Aase saß vor ihrer ärmlichen Hütte und flickte zum hundertsten Mal dasselbe Stück Stoff. Sie war eine kleine, zähe Frau, deren Gesicht die Geschichte eines harten Lebens erzählte – Falten der Sorge um die Augen, Linien der Enttäuschung um den Mund. Aber wenn sie ihren Sohn ansah, leuchtete etwas in ihrem Blick auf, eine Mischung aus Liebe und Verzweiflung, die nur Mütter kennen, deren Kinder zu groß für diese Welt träumen.
„Wo warst du diesmal?", fragte sie, ohne aufzublicken. Ihre Stimme klang müde, als hätte sie diese Frage schon zu oft gestellt.
Peer ließ sich neben ihr auf die morsche Bank fallen, die Arme weit ausgebreitet, als wollte er die ganze Welt umarmen. „Mutter, du glaubst nicht, was mir passiert ist! Ein Abenteuer, wie es die Welt noch nicht gesehen hat!"
Aase seufzte. Sie kannte diesen Tonfall. Gleich würde wieder eine seiner Geschichten kommen, wild und unmöglich, gespickt mit Details, die so lebendig waren, dass man fast glauben konnte, sie wären wahr. Fast.
„Ich war auf dem Gendin-Grat", begann Peer, und seine Augen glänzten wie die eines Kindes, das ein Geheimnis verrät. „Du weißt, dort oben, wo die Luft so dünn ist, dass man die Gedanken der Engel hören kann. Und da sah ich ihn – den größten Hirsch, den je ein Mensch erblickt hat! Seine Geweihe waren wie die Äste einer uralten Eiche, sein Fell schimmerte wie frisch gefallener Schnee."
„Peer", unterbrach Aase ihn, aber er war schon nicht mehr zu bremsen.
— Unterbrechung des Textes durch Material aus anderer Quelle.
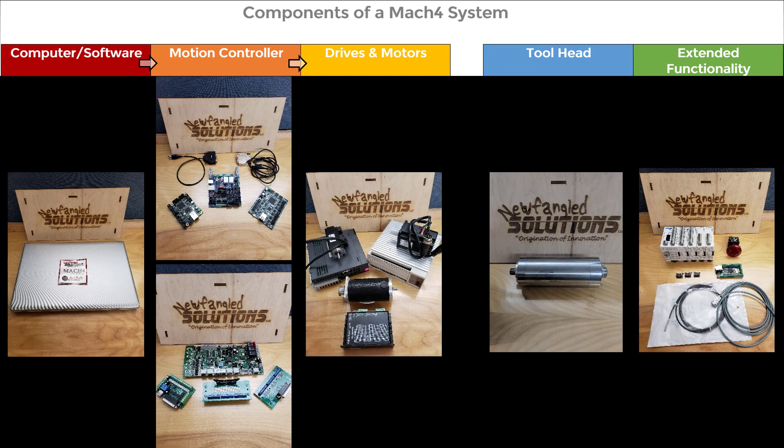Let's review. A Mach 4 system consists of a computer and software, a motion controller, drives and motors, and sometimes a specialized tool head or extended functionality. The hardware and software require plugins to communicate back and forth. Your hardware components must have compatible ports and communication protocols to function. With these concepts in mind, you can build a system that meets your every need.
„Ich schlich mich an, leise wie der Nebel, der morgens über die Täler kriecht. Der Hirsch äugte mich, als wollte er sagen: ‚Komm nur, Peer Gynt, zeig mir, was du kannst!' Und dann – stell dir vor! – sprang ich auf seinen Rücken! Er bäumte sich auf, versuchte mich abzuwerfen, aber ich hielt mich fest an seinem Geweih. Und dann begann der wildeste Ritt meines Lebens!"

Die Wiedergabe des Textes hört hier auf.